“Let’s table this and take the conversation off-line. I’d like to sync up to gain some actionable insights into pain points, and figure out the best way to drive value moving forward. We need to elevate our messaging by leveraging our unique differentiation…”
Like a twisted Zen master, your boss drones on, spinning out corporate koans that seem designed to leave you lost and confused. Adrift in the steady, relentless flow of non-language, you somehow feel both bored and anxious at the same time. There’s nothing solid here for your attention to grab on to, but it all seems vaguely important…
Looking at his jaw clack open and shut, you can’t help but think of the first time you saw a marionette as a child—that cold, creeping sense of the uncanny that wormed its way up your spine as you gazed into those painted wooden eyes and realized that nobody was home.
Is there anybody at home in the body of the man who just unironically used the phrase “apply these learnings”? Could a thinking mind, a living spirit, truly have expressed a desire to “deliver on our customer-centric action plan”? Or are you the only conscious being on this Zoom call?

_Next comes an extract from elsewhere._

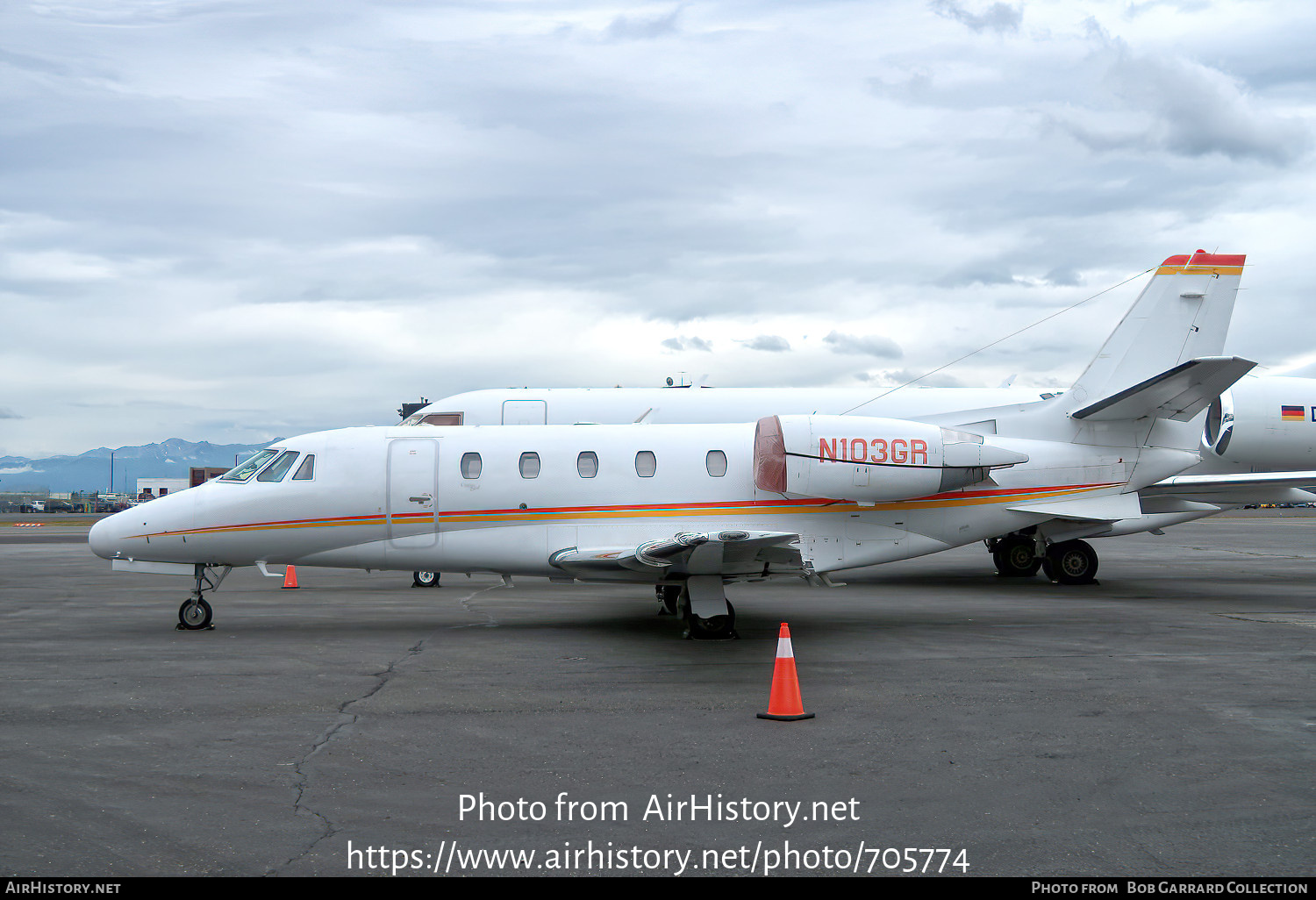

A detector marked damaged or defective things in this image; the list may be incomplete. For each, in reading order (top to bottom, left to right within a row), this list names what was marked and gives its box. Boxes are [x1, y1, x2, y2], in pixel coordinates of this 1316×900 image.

crack in pavement [264, 584, 505, 874]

“Jenn, what’s your input?”
A tense moment of silence—seven disembodied heads stare back at you from the glowing screen of the Macbook Pro stacked on your childhood copy of Harry Potter and the Half-Blood Prince. With dawning horror, you feel something hatch in the back of your throat. It wriggles its way up your tonsils, skitters over your tongue, and buzzes out into the world:
“If we want to move the needle here, we’re going to have to do a deep dive and find our true north. That’s just table stakes…”
Buzzwords. Corporatespeak. Jargon. Whatever you call it, we love to hate it—that weird collection of sweaty, startup-flavored words and phrases that we all poke fun at, even as we find ourselves falling back on them throughout the day.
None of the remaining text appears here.